しかしエリサ様はしたり顔でにやにや笑っている。これは確実に何かを知っている顔だ。
「お前、マリーと付き合ってるんだろ?」
「は?」
「マリーはお前と違ってちゃんと報告してきたぞ。ほら、画像付きで『私達付き合い始めました』って」
「ほへ?」
ずいと寄って向けられたスマホの画像を見てみると、ラブラブにデコられた僕とマリーのツーショット。かなり巧妙な合成画像。
すーっと下がってマリーに電話。
『この電話は現在使われておりません』
「おっさんみたいな第一声やめろ! てかエリサ様に送った画像あれ何!? 意味も目的も分からないよ!」
『どれの事でしょう。

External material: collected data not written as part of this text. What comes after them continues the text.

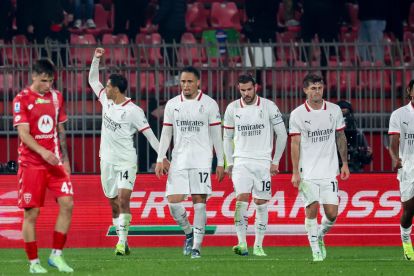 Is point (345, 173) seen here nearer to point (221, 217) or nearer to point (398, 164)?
point (398, 164)

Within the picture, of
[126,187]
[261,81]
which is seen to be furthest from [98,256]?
[261,81]

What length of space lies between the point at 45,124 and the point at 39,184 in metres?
0.58

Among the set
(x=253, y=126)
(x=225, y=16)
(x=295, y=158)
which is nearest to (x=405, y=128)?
(x=295, y=158)

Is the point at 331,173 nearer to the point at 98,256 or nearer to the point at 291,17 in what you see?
the point at 98,256

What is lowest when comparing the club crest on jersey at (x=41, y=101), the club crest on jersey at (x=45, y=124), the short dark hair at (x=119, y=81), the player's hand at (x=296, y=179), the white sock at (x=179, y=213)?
the white sock at (x=179, y=213)

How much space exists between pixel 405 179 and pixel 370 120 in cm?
384

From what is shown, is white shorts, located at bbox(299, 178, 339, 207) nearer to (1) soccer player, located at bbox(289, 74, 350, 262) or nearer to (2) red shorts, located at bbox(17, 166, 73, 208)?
(1) soccer player, located at bbox(289, 74, 350, 262)

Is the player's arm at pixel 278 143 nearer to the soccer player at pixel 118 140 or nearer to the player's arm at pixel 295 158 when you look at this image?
the player's arm at pixel 295 158

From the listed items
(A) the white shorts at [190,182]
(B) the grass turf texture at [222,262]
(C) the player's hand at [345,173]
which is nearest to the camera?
(B) the grass turf texture at [222,262]

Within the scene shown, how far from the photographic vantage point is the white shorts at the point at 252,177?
54.1ft

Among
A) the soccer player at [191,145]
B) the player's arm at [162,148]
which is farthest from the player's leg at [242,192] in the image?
the player's arm at [162,148]

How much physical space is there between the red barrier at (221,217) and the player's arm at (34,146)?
5.68 metres

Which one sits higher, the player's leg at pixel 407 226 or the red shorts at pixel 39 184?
the red shorts at pixel 39 184

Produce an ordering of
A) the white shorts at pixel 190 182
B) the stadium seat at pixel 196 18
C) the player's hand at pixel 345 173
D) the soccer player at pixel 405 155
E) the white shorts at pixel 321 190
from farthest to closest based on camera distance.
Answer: the stadium seat at pixel 196 18 → the white shorts at pixel 190 182 → the soccer player at pixel 405 155 → the white shorts at pixel 321 190 → the player's hand at pixel 345 173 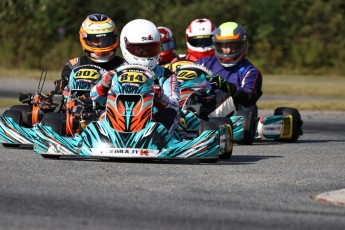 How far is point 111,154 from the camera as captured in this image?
11.3m

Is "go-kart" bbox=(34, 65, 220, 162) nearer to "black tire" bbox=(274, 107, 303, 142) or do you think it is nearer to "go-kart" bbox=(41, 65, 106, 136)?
"go-kart" bbox=(41, 65, 106, 136)

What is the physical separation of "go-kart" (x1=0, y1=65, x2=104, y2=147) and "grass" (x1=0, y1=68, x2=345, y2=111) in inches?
355

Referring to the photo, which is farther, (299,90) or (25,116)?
(299,90)

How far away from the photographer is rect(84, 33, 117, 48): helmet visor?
1448 centimetres

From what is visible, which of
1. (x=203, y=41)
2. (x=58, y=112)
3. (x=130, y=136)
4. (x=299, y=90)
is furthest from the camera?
(x=299, y=90)

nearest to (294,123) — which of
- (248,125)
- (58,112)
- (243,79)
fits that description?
(243,79)

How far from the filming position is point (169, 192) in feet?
29.8

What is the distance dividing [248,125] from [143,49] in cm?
270

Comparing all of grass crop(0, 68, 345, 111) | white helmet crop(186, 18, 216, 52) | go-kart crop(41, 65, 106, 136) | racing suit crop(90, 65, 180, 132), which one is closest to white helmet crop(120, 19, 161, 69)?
racing suit crop(90, 65, 180, 132)

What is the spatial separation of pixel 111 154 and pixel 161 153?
1.58 ft

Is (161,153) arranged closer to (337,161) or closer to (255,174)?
(255,174)

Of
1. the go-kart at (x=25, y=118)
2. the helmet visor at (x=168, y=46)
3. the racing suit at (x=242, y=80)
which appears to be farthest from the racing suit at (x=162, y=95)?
the helmet visor at (x=168, y=46)

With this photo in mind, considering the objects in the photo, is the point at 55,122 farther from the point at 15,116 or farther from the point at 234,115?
the point at 234,115

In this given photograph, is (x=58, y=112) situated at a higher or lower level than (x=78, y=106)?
lower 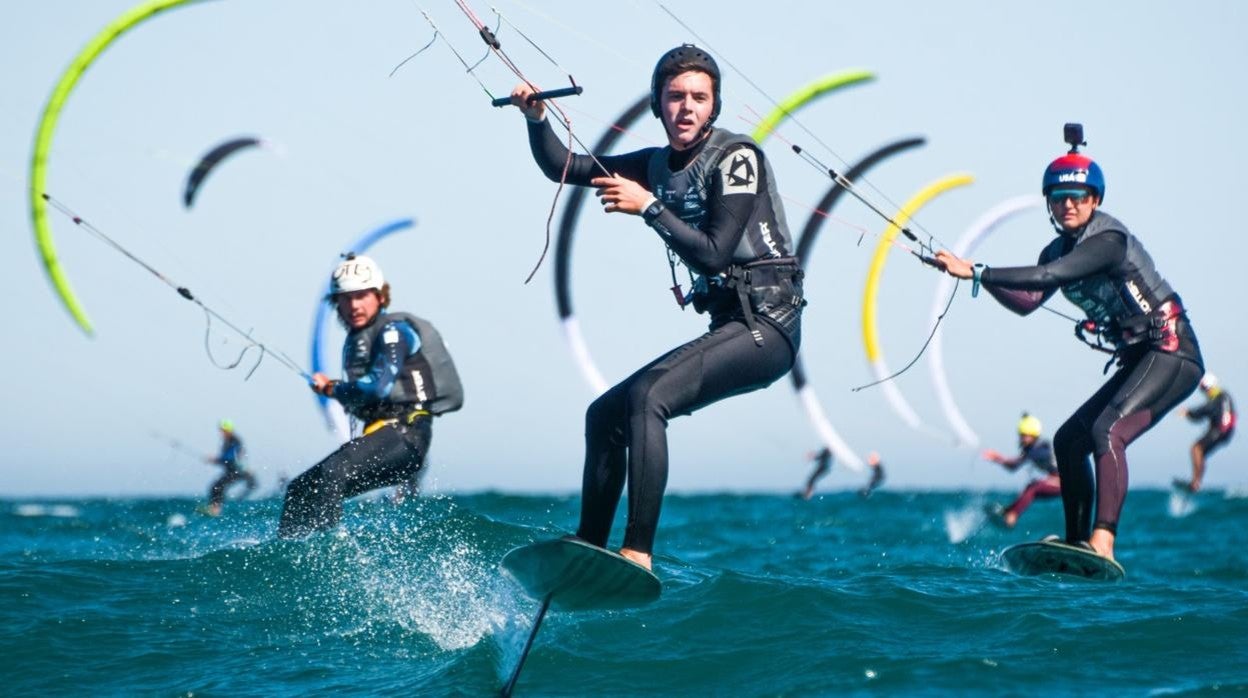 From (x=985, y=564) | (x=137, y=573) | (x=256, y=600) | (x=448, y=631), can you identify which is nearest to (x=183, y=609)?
(x=256, y=600)

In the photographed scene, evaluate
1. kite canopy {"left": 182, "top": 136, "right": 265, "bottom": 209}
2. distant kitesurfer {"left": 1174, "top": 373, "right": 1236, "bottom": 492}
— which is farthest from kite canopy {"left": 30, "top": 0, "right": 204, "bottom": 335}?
distant kitesurfer {"left": 1174, "top": 373, "right": 1236, "bottom": 492}

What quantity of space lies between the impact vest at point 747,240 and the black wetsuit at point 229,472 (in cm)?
1888

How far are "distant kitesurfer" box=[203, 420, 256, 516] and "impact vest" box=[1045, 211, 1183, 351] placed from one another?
17.9 m

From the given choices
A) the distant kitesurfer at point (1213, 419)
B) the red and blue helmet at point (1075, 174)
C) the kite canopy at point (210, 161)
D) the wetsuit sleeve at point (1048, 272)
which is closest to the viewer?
the wetsuit sleeve at point (1048, 272)

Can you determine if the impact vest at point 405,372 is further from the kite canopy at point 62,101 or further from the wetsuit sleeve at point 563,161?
the kite canopy at point 62,101

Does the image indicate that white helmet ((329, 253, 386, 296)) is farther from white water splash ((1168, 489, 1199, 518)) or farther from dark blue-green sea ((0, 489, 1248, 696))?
white water splash ((1168, 489, 1199, 518))

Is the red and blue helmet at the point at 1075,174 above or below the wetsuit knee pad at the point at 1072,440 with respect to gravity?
above

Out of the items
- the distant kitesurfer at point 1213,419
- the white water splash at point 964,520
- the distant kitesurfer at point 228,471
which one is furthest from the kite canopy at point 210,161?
the distant kitesurfer at point 1213,419

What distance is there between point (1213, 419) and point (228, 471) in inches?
692

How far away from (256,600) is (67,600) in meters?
1.05

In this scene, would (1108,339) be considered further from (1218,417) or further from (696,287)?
(1218,417)

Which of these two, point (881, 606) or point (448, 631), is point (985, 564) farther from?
point (448, 631)

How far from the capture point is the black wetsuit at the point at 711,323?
236 inches

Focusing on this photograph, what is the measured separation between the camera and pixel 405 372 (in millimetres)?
10266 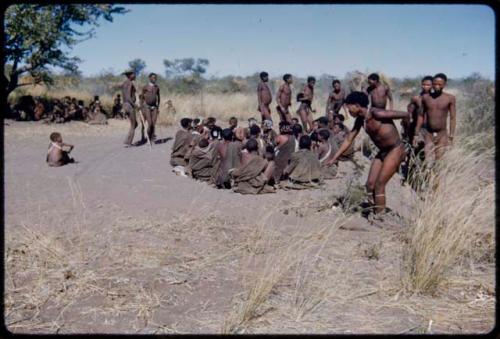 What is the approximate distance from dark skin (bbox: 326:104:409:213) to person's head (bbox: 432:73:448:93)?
5.98 ft

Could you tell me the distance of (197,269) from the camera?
4.78 m

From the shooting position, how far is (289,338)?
12.1 ft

付き合い始めましたのやつですか』
「何それ他にもあるの!?」
『ド変態と付き合うようになった流れっぽいのをいくつか』
「やめてよそういうの! エリサ様バカなんだから本気にしちゃうでしょ!」
「ちょっと待てお前! 余はバカじゃない! バカじゃないから!」
「失礼いたしましたぺこりん!」
何だ何だよまったく意味が分からないよ。マリーの目的がさっぱり分からない。
『ところでド変態、付き合い始めましたの画像送った時の女王の反応、知りたくないですか』
「すごく知りたい教えて教えて」
『そういえば最近じゃがりもの新しい味が出ましたね。オイルサーディン味』
「分かったあとで好きなだけ送るよ! だから教えてよ!」
『ではスクショを送りますので。ファッキュー』
「何で罵倒したの!?」
待つ事五分。
いや待たせ過ぎだろ。マリーの事だからスクショも用意してただろ。
無駄に待たせるとかほんとやめてほしい。
で、届いたスクショを見てみるっと。
「ちょっとエリサ様! 『へー』って何ですか『へー』って! もうちょい何かありませんでしたか!?」
「別にねぇよ。あ、おめでとう」
「めでたくないですよ! これ嘘ですから! 画像は偽物、私とマリーは付き合ってないですから!」
「ふーんそうなんだ」
「リアクションがうっすぅーい!」
うっすうすのぺらっぺらだよ! 僕への興味ミクロンレベルなのカナ!?
「別にいいじゃん。付き合っちゃえよ。ロボ同士お似合いじゃねえか」
「ロボ!? マリーはロボですが私はロボじゃないですよ!」
「えっ」
「えっ」
「はあぁ――――――ッ!?」
すっとんきょうに叫んだと思ったら、エリサ様は目を見開いて絶句してしまった。
「……もしかして今の今まで私をロボだと思ってたんですか?」
「違うの!? でもマリーが言ってたよ!?」
「一番確度の低い情報源を根拠にしないでください! 私はロボじゃないです!」
「えっ、ちょっと待ってえっ? じゃあ何なの? お前何なの?」
「当たり前に人間ですよ!」
「……ばたんきゅー」
「わあぁエリサ様が気絶したー!」
このあとエリサ様は寝込んでしまった。
男として見られてないとは思っていたが、人間とも思われてなかったらしい。
……今回はこのへんでいい? 少し泣いてくる。